Data Block Start
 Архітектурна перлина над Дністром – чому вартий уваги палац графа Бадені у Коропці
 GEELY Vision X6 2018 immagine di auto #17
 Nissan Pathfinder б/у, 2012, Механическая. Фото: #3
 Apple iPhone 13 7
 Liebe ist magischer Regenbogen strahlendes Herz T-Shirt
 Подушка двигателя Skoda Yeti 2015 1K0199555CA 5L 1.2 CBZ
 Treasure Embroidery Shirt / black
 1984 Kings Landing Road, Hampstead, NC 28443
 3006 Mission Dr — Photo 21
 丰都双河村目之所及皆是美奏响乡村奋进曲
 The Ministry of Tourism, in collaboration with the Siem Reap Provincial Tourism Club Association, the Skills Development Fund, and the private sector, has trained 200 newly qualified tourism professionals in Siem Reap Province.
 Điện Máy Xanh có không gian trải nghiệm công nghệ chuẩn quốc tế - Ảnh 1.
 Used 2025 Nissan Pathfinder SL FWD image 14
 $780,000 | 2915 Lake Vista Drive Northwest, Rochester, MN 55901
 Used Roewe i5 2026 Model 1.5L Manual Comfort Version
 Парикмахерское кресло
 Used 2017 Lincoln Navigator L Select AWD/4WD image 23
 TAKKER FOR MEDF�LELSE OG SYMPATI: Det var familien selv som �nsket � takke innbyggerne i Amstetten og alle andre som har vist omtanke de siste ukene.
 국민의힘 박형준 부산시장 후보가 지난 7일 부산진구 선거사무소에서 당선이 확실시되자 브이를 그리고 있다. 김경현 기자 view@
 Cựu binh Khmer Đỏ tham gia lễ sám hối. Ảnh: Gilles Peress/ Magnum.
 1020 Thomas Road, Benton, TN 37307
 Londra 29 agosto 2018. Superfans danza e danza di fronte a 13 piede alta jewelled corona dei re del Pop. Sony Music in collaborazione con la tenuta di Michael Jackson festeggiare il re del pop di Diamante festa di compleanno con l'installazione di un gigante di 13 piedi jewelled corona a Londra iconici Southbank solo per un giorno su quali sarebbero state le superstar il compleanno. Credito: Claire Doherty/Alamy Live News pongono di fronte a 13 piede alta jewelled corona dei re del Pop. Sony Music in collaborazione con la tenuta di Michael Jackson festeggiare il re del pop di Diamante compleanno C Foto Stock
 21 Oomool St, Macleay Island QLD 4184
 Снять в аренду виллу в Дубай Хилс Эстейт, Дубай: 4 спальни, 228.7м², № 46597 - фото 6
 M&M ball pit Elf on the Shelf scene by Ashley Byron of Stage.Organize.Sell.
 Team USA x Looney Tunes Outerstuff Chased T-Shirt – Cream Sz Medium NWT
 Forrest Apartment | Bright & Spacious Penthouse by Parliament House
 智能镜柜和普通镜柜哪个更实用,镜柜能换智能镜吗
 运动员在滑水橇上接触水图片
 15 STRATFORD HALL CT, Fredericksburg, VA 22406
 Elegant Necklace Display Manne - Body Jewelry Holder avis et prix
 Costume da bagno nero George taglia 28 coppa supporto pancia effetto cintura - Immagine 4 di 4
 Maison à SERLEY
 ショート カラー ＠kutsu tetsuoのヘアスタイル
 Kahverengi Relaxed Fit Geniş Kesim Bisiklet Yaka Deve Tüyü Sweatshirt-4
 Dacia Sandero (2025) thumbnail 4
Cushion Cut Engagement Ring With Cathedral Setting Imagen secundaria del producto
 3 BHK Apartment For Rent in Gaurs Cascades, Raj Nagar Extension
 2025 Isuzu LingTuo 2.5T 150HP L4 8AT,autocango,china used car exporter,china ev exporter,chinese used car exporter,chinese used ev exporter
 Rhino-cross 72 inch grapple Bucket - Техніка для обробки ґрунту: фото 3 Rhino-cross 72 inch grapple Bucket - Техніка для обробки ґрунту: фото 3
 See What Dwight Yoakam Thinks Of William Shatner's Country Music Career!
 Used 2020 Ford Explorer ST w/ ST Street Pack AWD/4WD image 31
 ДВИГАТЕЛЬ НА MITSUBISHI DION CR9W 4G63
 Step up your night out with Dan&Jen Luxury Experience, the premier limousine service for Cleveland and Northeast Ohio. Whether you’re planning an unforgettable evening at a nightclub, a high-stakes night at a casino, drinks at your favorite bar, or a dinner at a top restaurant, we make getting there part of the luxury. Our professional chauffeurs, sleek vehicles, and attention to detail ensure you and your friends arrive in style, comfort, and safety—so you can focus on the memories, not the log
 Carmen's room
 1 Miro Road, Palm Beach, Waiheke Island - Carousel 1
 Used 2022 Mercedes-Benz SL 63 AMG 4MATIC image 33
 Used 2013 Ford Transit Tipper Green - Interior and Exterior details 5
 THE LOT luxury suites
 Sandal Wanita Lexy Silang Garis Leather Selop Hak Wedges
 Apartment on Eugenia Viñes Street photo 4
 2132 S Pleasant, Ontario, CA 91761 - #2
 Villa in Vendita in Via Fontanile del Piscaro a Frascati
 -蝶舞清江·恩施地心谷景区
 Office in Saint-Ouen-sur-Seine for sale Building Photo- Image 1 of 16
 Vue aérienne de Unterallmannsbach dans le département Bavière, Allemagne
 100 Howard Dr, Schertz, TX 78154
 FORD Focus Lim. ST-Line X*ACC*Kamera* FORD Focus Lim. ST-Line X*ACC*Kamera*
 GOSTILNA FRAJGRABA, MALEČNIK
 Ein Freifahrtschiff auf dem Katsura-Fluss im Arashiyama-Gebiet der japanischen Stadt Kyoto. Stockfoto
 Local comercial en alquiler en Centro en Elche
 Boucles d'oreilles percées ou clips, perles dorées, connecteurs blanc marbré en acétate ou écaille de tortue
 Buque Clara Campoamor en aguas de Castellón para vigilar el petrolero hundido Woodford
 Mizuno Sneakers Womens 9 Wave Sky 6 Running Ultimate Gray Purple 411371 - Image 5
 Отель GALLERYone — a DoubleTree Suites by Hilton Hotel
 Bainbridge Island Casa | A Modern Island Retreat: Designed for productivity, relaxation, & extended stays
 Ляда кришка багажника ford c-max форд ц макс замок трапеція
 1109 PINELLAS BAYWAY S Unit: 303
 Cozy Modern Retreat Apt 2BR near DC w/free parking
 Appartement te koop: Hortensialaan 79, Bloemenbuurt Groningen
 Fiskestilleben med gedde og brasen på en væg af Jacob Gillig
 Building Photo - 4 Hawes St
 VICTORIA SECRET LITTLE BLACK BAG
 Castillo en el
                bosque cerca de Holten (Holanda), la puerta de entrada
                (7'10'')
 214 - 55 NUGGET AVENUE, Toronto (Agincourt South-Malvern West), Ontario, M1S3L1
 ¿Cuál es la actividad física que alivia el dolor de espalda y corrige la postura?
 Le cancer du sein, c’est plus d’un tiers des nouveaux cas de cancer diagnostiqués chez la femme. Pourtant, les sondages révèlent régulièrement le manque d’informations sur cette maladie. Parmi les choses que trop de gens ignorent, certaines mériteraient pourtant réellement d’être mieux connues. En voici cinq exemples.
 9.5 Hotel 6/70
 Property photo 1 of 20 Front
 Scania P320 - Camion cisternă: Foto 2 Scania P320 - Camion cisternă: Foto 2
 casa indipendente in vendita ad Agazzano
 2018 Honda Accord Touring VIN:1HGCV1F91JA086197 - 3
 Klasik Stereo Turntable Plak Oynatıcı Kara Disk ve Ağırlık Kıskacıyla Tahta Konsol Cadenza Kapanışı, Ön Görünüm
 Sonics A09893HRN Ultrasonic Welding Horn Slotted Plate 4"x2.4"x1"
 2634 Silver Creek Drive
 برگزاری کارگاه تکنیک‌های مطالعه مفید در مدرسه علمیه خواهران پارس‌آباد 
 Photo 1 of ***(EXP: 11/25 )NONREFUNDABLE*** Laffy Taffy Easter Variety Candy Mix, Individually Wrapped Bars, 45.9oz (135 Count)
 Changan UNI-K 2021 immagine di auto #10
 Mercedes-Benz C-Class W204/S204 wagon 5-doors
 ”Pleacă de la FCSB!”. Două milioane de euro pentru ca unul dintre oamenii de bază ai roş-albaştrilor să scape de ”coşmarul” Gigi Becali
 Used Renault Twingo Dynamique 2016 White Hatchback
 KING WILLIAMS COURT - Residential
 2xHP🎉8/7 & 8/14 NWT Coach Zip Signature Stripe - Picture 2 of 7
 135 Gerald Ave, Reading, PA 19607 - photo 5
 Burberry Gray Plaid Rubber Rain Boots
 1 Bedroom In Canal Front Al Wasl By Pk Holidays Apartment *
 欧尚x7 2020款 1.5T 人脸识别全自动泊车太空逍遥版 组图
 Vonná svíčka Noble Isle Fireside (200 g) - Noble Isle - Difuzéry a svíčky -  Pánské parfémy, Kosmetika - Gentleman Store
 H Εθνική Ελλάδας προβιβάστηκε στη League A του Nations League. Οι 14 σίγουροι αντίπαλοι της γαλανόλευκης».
Data Block End
Extract the lines of the preceding material that run from the line with "Rochester, MN 55901" through the line with "1020 Thomas Road, Benton, TN 37307", inclusive, reproducing them exactly and adding nothing.

 $780,000 | 2915 Lake Vista Drive Northwest, Rochester, MN 55901
 Used Roewe i5 2026 Model 1.5L Manual Comfort Version
 Парикмахерское кресло
 Used 2017 Lincoln Navigator L Select AWD/4WD image 23
 TAKKER FOR MEDF�LELSE OG SYMPATI: Det var familien selv som �nsket � takke innbyggerne i Amstetten og alle andre som har vist omtanke de siste ukene.
 국민의힘 박형준 부산시장 후보가 지난 7일 부산진구 선거사무소에서 당선이 확실시되자 브이를 그리고 있다. 김경현 기자 view@
 Cựu binh Khmer Đỏ tham gia lễ sám hối. Ảnh: Gilles Peress/ Magnum.
 1020 Thomas Road, Benton, TN 37307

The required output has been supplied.